Response: The Fund will conform the above disclosure to the Form of Distribution and Shareholder Servicing Plan included as Exhibit 99(h)(2) to the Registration Statement.
Sales Charges – Class A Shares (pages 58-61)
46. | Comment: Please revise the following disclosure to refer to a “sales charge” instead of a “sales commission” and make conforming changes throughout the Registration Statement: |
Certain persons may be entitled to purchase Class A shares of the Fund without paying a sales commission.
Response: The Fund will revise the disclosure to refer to a “sales charge” instead of a “sales commission” and will make conforming changes throughout the Registration Statement.
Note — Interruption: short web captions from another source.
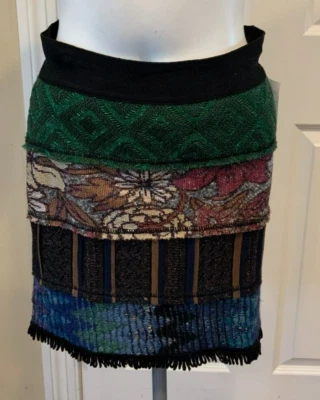 Cecilia Prado Multicolor Mini Saia Patchwork Knit Mini Skirt, Size M NWT! $220 - Image 1 of 4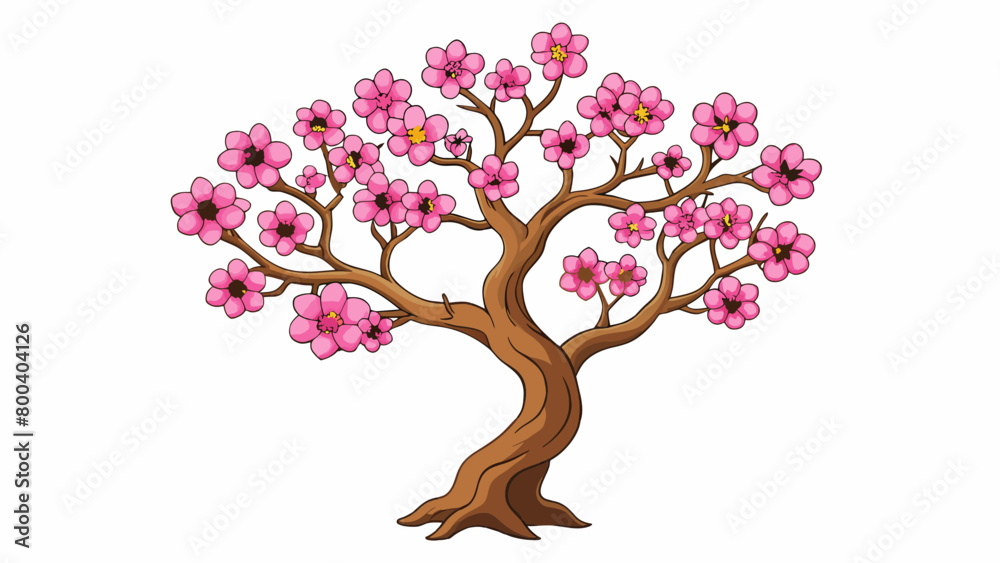 Poster a flowering tree with a sy gnarled trunk and delicate pink blossoms bursting from its branches. on w
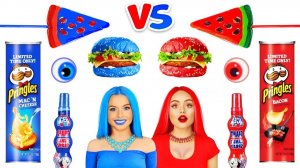 КРАСНАЯ ЕДА VS СИНЯЯ ЕДА ЧЕЛЛЕНДЖ! Едим Вкусняшки Одного Цвета Целый День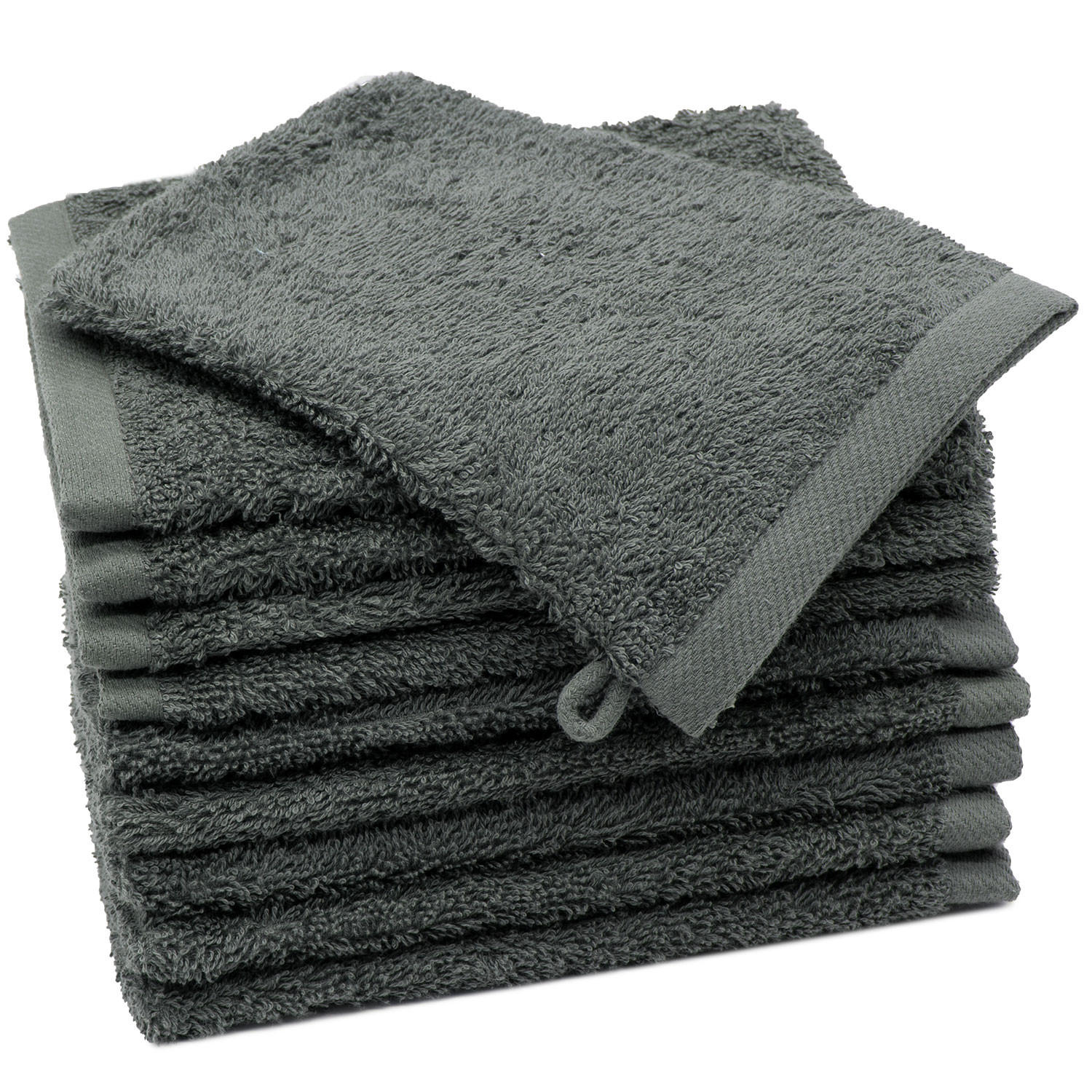 WASCHHANDSCHUH, 10er-Set, 17x21 cm, 100% Baumwolle, Grau - Anthrazit, Textil (17/21cm) - Zollner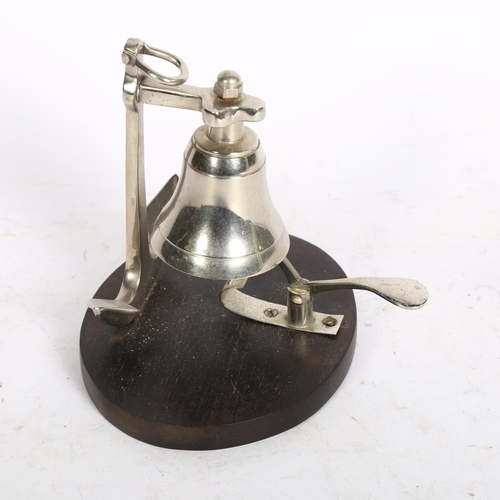 922 - A novelty nautical desk bell, of anchor and bell design, height 14cm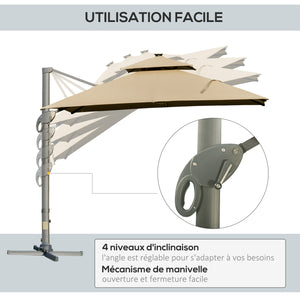 Parasol déporté LED carré double toit inclinable pivotant 360° manivelle piètement acier dim. 3L x 3l x 2,66H m beige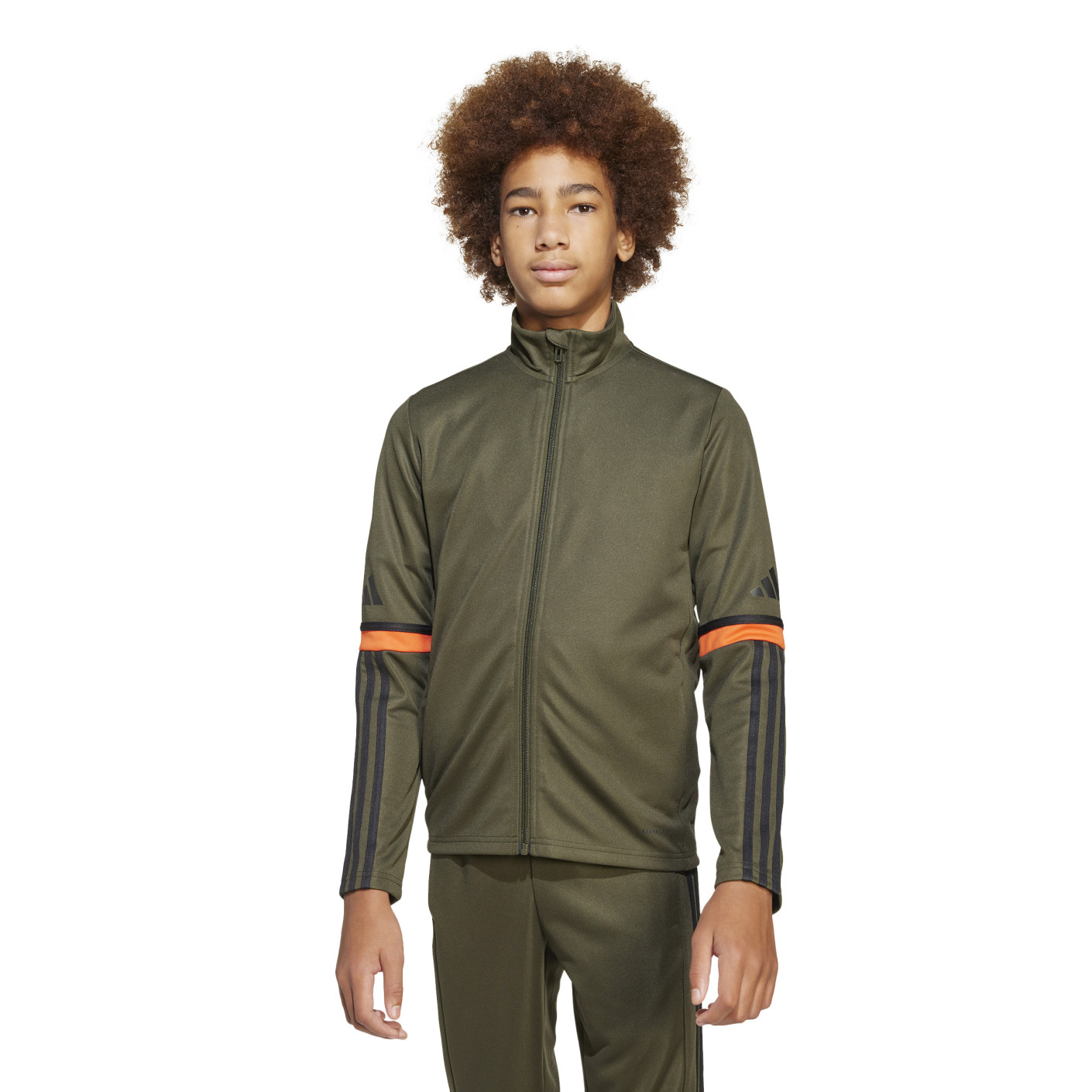adidas Squadra 25 Trainingspak Full-Zip Kids Donkergroen Zwart Oranje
47. | Comment: Throughout the Registration Statement, for each disclosure with respect to sales charge discounts or waivers, please cross reference Appendix A. |
Response: The Fund will cross reference Appendix A for each disclosure with respect to sales charge discounts or waivers.
48. | Comment: Please supplementally confirm that any intermediary-specific sales charge discounts/waivers, besides those currently disclosed in Appendix A, will be reflected in an amendment to the Registration Statement as soon as agreed upon. |
Response: The Fund confirms that any intermediary-specific sales charge discounts/waivers, besides those currently disclosed in Appendix A, will be reflected in a supplement to the Prospectus as soon as agreed upon.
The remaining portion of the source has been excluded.